» **Description of the task**:
Starting with the line that includes "Chaînes Cubique Zircon", write out every remaining line of the records below exactly as it appears, leaving out any images.

» **Records to use**:
★ ★ ★ ★ ★

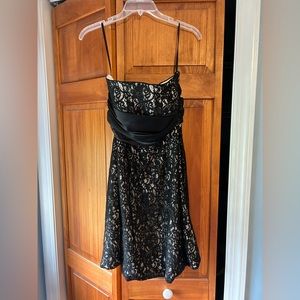 above the knee black lace strapless dress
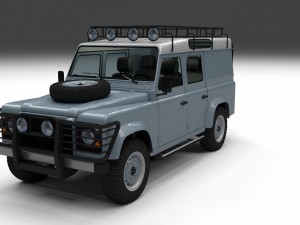 land rover defender 110 utility station wagon hdri Modelo 3D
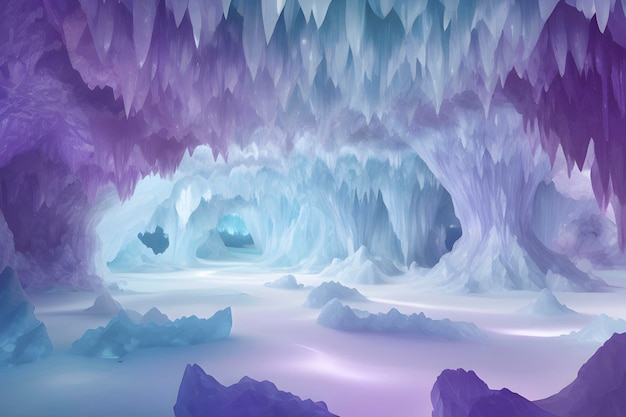 A luminous color gradient inspired by a crystal cave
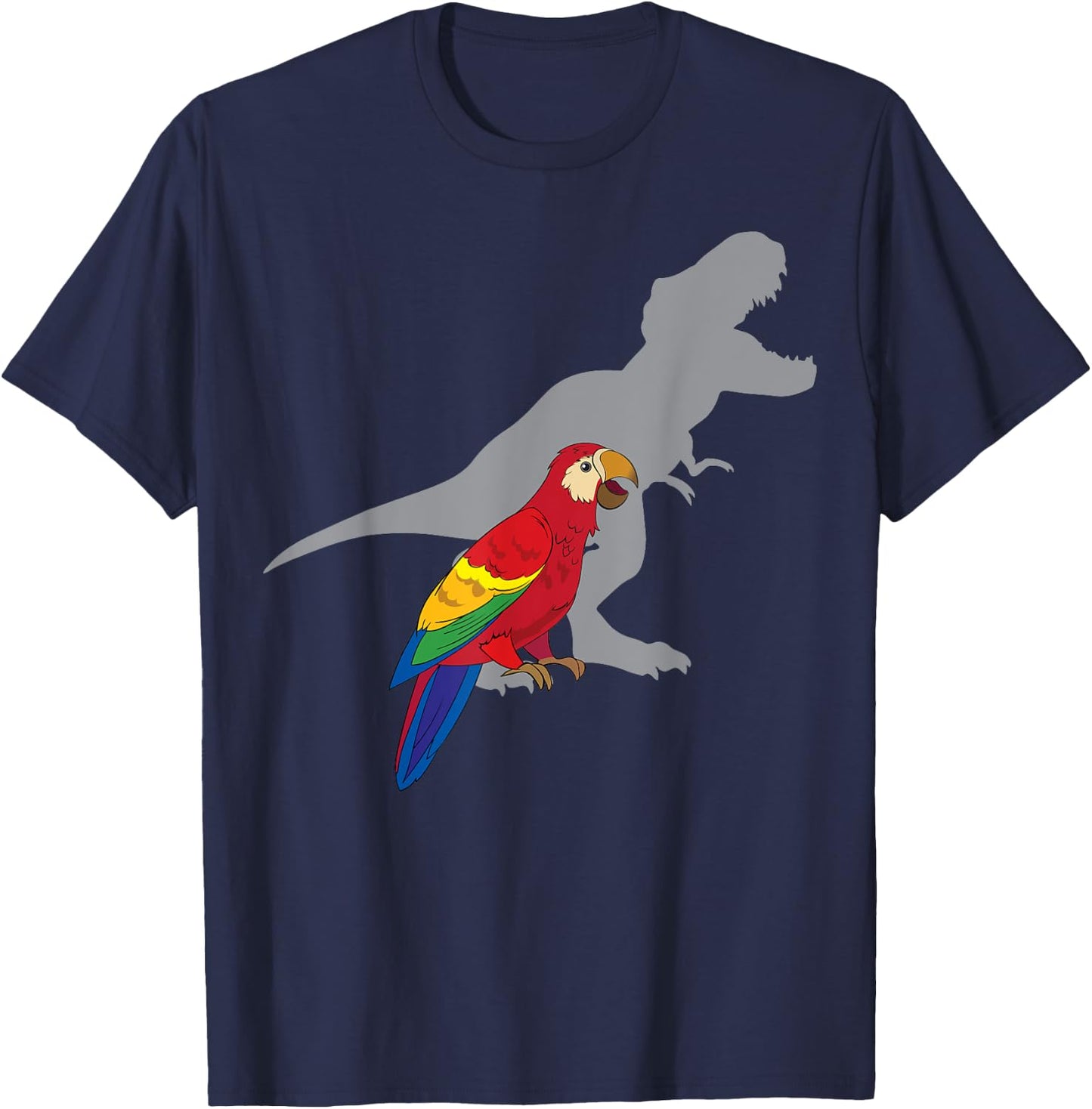 Cute African Parrot Gifts For Bird Lovers Women T-Rex Screaming with Macaw Parrot Adult Black Short Sleeve Classic Fit Cotton 65% Polyester 35% T-Shirt - T-Shirt | Navy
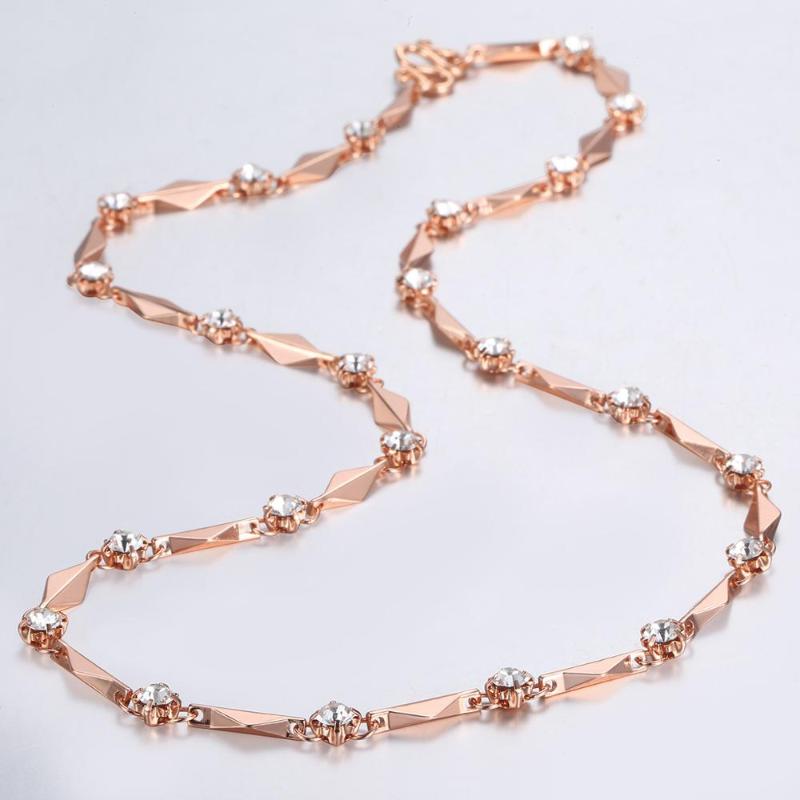 Chaînes Cubique Zircon Collier Pour Femmes Filles 585 Or Rose Lien Chaîne Colliers Femme Fête De Mariage Bijoux Saint Valentin Cadeaux GNM60Chain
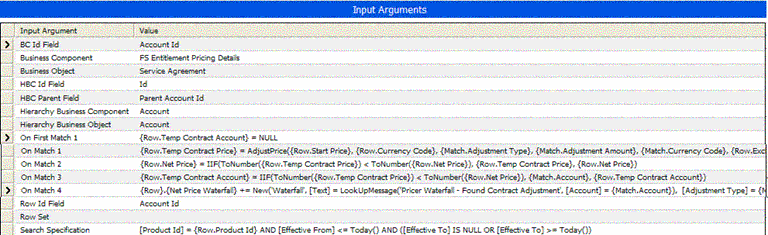 Example of Arguments for Hierarchical Look-Up Method. This is an image of an Input Arguments list applet. The list applet has the following fields: Input Argument, Value.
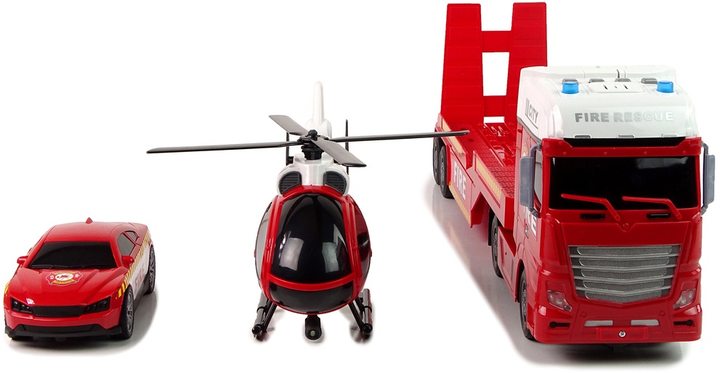 Набір іграшок LEAN Toys Пожежна служба Евакуатор + Автомобіль + Гелікоптер зі звуком і світлом Червоний 12960 (5905323211360) - зображення 5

★ ★ ★ ★ ★

» **Answer box**:
 Chaînes Cubique Zircon Collier Pour Femmes Filles 585 Or Rose Lien Chaîne Colliers Femme Fête De Mariage Bijoux Saint Valentin Cadeaux GNM60Chain
 Example of Arguments for Hierarchical Look-Up Method. This is an image of an Input Arguments list applet. The list applet has the following fields: Input Argument, Value.
 Набір іграшок LEAN Toys Пожежна служба Евакуатор + Автомобіль + Гелікоптер зі звуком і світлом Червоний 12960 (5905323211360) - зображення 5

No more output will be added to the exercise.